Supreme Court, Kings County
Dec 13, 1999
183 Misc. 2d 776 (N.Y. Sup. Ct. 1999)

Opinion

December 13, 1999.

Sedgwick, Detert, Moran Arnold (Kenneth R. Bozza of counsel), for Jewish Board of Family and Children's Services, Inc., defendant.

Mason Breitenecker (Elizabeth A. Mason of counsel), for plaintiffs.


Defendant Jewish Board of Family and Children's Services, Inc., with its related entities as named in the Verified Complaint (hereinafter referred to as "JBFCS") has moved for an Order pursuant to CPLR Secs. 3211 and 3212 dismissing the Plaintiff's Complaint, on the grounds that all causes of action contained therein are barred by the provisions of New York State's Workers' Compensation Law § 11 Work. Comp., et. seq. The Plaintiff, in turn, has cross-moved for an Order (a) pursuant to CPLR § 3211, [ 3211](b) denying defendant's motion for failure to state a defense and (b) striking the Defendant's affirmative defense of Workers' Compensation, as insufficient as a matter of law pursuant to CPLR § 3211(b).

The instant lawsuit was commenced by the filing of the plaintiffs Summons and Verified Complaint on or about October 16, 1998. Issue was joined as to Defendant JBFCS by service of its answer on or about November 23, 1998. As set forth in the complaint, Defendant Pearl Residence ("Pearl") is the owner of the premises.

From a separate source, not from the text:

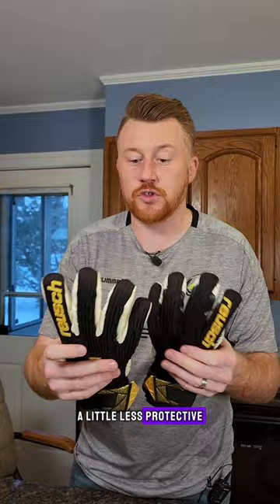The backhand is pretty much the same on both. All the other little tech specs — that's what makes the big difference. Let me know what you think below.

Defendant JBFCS (and its wholly owned and operated subsidiary, Brooklyn Community Residence) leased the space from Pearl. Plaintiff Evelyn Melo alleges personal injuries sustained as a result of an attack, rape and robbery by an unidentified assailant inside the Brooklyn Community Residence located at 1380 36th St., in Brooklyn, New York. In her response to defendant's Notice to Admit dated December 18, 1998, as well as in her Verified Bill of Particulars, Plaintiff Evelyn Melo admitted that on the alleged date of the incident, she was an employee of and working for JBFCS. The affidavit of Ellen Josem, Esq., General Counsel for JBFCS similarly reflects this information.

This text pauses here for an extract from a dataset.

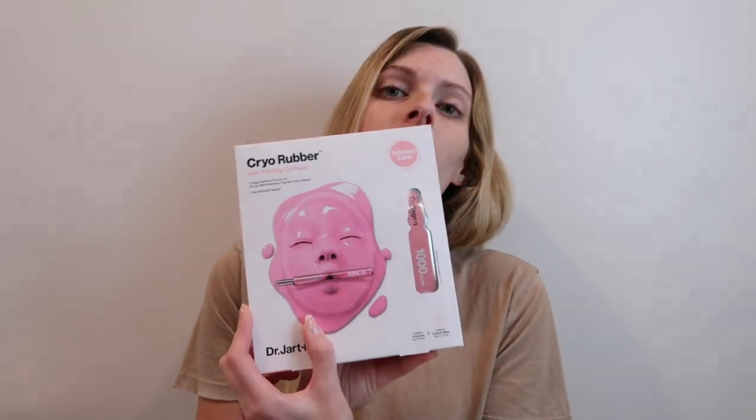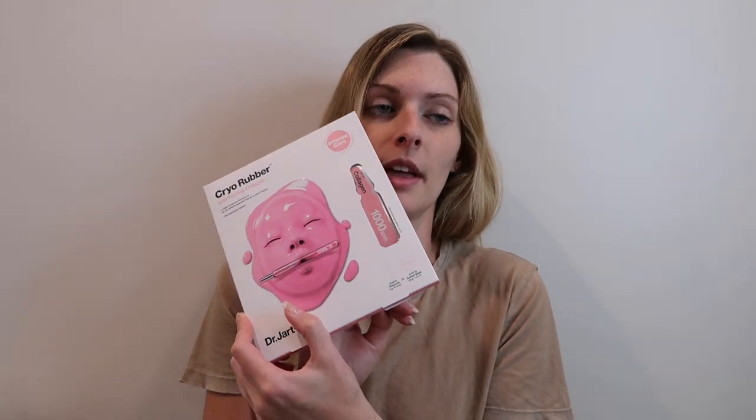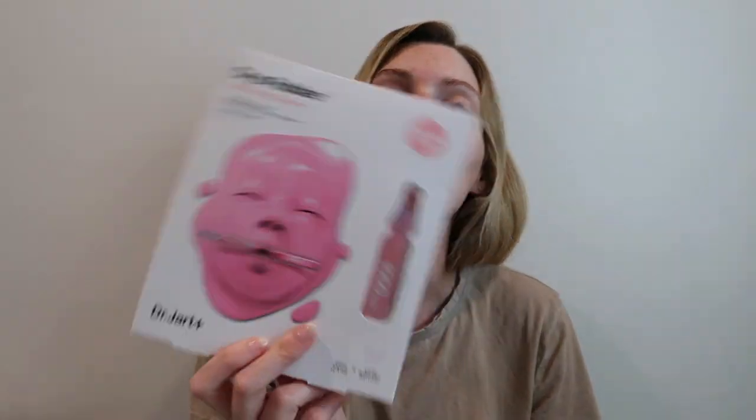It's the Cryo Rubber with Firming Collagen. I've done the brightening vitamin C one, the yellow one, and the blue one. I thought it would be fun to do one on the pink one — there's still another one in this line I haven't done, I think it's like a teal one, so maybe I'll have to do that one too.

Defendant-Movant contends that Plaintiff's tort action against it must be dismissed in accordance with the relevant provisions of New York's Workers' Compensation Law, which creates an exclusive remedy as to an employee who is injured during the course of employment.Workers' Compensation Law § 11, [11 Work. Comp.]; Malacarne v. City of Yonkers Parking Authority, 41 N.Y.2d 189, 391 N.Y.S.2d 402; Duche v. Star Recycling 261 A.D.2d 503, 690 N.Y.S.2d 605. However, the gravamen of the Plaintiff's cross-motion is that the Defendant has failed to demonstrate that the Plaintiff was the victim of an accidental workplace injury, which would remove her cause of action from the ambit of Workers' Compensation.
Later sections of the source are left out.